How KRA's Ksh5B Payment To Milk, Bread Firms Triggered Leadership Changes

The chair in particular blamed firms dealing with milk and bread as weak links who had profited on their part...

How KRA's Ksh5B Payment To Milk, Bread Firms Triggered Leadership Changes
A collage of milk and bread. /FILE

Kenya Revenue Authority (KRA) Chairperson Anthony Mwaura uncovered little-known intrigues behind the wave of changes that saw the authority kick out top officials.

Mwaura revealed on Monday, February 27 that the taxman resorted to kicking out senior officials after discovering suspicious tax exemptions and refunds offered to individuals in former President Uhuru Kenyatta's government.

The chair in particular blamed firms dealing with milk and bread as weak links who had profited on their part by allegedly collaborating with senior KRA officials, further noting that Ksh5 billion tax refunds were paid to them for the latter part of last week.
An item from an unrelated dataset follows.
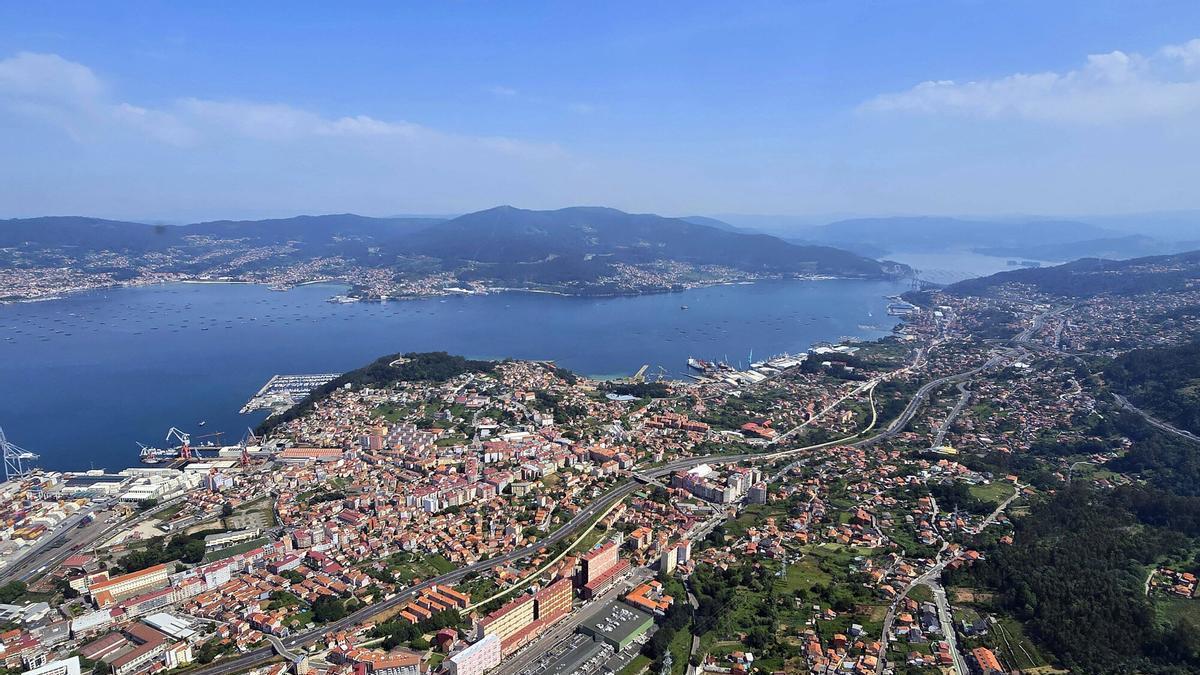 Vista aérea de Vigo.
Mwaura expressed his disappointment on the matter which came as KRA was convincing Kenyans to remit their taxes to meet its targets and to do away with unnecessary tax exemptions.

"There are firms dealing with milk and bread that were given Ksh5 billion tax refunds as late as last week. This is a blatant abuse of office. We are pushing Kenyans to pay taxes and the KRA management was refunding people billions illegally.
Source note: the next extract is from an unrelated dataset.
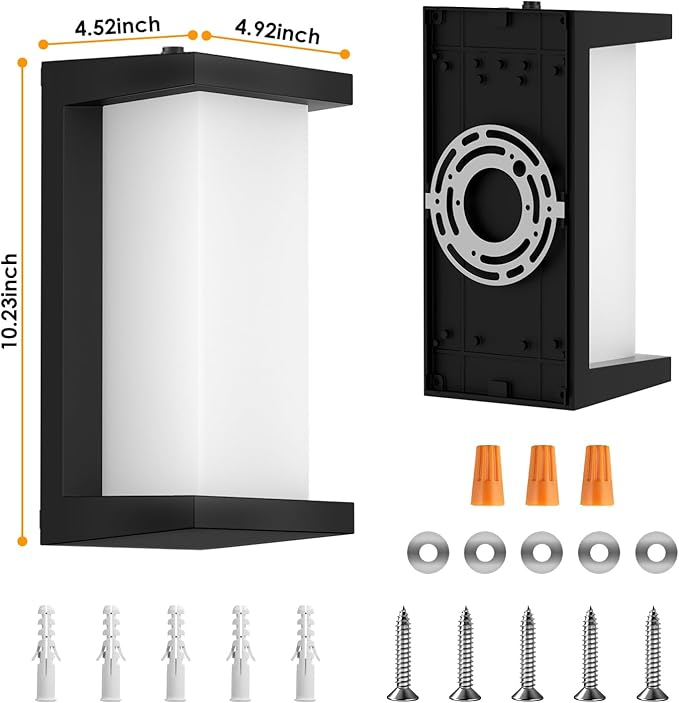 Dusk to Dawn Outdoor Wall Lamp Porch Lights,3 Color Modern Exterior Lighting Fixtures,Outdoor Waterproof for Front Porch Light,LED Wall Mount Sensor Outside Lights for House,Garage,Backyard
"That is why we said enough is enough and purged them. We will through the help of Treasury ensure that unnecessary tax exemptions are reversed,” Mwaura said.

Mwaura further noted that Kenya as a whole lost roughly Ksh1 trillion in the last three years due to tax abandonment, exemptions, and refunds provided to both local and international companies.

He expressed confidence in recovering the amount, using all the available measures to do so.

"People think we are fighting a lost cause but they will be surprised. I have targets to meet with my board and I will not relent.

"We are committed, even if it means risking our lives to see the country become self-reliant on its taxes," he added.

The KRA chairperson highlighted that they have set a new target of Ksh2.7 trillion, which is an increase of Ksh400 billion from the previous target of Ksh2.2 trillion.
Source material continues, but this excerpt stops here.